Esther "Ettie" Steinberg (11 January 1914 – c. 4 September 1942; married name Ettie Gluck) was one of only a few Irish Jews murdered in the Holocaust.

==Early life==
Steinberg was born to Aaron Hirsh Steinberg and Bertha Roth, on 11 January 1914, in Veretsky, Austria-Hungary; the family moved to Dublin in 1925. Her family included six siblings and lived at 28 Raymond Street, off the South Circular Road in Dublin.

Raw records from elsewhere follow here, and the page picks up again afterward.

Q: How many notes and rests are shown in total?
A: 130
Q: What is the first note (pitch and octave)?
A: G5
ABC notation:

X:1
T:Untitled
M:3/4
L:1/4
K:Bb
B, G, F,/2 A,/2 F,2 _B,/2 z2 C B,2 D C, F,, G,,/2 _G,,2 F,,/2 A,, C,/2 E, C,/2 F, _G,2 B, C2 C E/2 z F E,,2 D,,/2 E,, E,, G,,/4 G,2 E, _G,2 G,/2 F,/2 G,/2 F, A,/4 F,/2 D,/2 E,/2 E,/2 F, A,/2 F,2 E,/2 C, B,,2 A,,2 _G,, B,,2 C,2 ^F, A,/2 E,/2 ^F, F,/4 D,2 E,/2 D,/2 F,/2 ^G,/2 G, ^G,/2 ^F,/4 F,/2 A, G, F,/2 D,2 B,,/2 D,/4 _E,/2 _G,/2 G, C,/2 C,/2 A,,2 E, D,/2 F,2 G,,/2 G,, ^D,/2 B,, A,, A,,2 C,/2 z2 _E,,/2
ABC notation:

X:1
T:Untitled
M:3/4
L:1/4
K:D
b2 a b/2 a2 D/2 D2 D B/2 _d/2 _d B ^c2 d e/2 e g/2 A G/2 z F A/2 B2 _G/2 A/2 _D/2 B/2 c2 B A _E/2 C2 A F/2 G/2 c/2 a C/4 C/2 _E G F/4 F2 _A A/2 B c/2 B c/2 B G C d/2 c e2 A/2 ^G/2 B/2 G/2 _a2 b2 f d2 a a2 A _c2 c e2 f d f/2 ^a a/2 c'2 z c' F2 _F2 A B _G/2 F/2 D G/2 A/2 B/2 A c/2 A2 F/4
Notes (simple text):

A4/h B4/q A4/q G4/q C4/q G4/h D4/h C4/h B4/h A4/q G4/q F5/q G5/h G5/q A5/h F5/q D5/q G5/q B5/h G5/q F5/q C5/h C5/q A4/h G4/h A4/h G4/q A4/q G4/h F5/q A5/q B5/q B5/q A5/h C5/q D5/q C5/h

They were educated in St Catherine's School, opposite to the top of Dufferin Avenue.

==Life==
Steinberg worked as a seamstress in Dublin where she met and married Belgian Vogtjeck Gluck in Greenville Hall synagogue in Dublin on 22 July 1937. The couple returned to his home in Antwerp. However the rising tensions of the Nazi actions meant they moved to be further away, and Leon, their son, was born in Paris.

==Death==
They continued to flee the approaching Germans and eventually succeeded in gaining visas to travel to Northern Ireland, arranged by the Steinberg family in Dublin. However the papers arrived a day too late. The family were rounded up and put on a train to Auschwitz.

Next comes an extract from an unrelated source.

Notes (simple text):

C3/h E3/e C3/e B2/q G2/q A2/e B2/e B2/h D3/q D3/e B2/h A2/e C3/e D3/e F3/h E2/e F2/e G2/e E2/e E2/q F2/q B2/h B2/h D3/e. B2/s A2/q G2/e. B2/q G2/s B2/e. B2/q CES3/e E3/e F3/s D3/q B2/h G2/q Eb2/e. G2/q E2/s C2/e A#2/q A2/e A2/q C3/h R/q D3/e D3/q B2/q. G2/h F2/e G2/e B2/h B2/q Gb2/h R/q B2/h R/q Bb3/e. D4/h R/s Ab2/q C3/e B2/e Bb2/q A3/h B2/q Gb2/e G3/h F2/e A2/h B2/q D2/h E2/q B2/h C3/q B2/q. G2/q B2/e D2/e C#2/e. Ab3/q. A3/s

Clearly aware of what the danger was, Steinberg wrote a postcard to her family and threw it from the train. It read "Uncle Lechem, we did not find, but we found Uncle Tisha B'Av" which meant "we did not find bread (Hebrew לחם), but we found destruction (תשעה באב, a holiday that marks several tragedies in Jewish history)." A stranger found the postcard and posted it. Steinberg, her husband and her son arrived at Auschwitz on 4 September 1942 and were immediately murdered in the gas chambers.

==Memorials==
A memorial to her is at a secondary school in Malahide, Co Dublin, as well as at the Irish Jewish Museum in Portobello, Dublin. In June 2022, a Stolperstein memorial was placed outside her primary school on Donore Avenue, along with similar markings for her husband, son, and three other Irish Jews murdered in the Holocaust.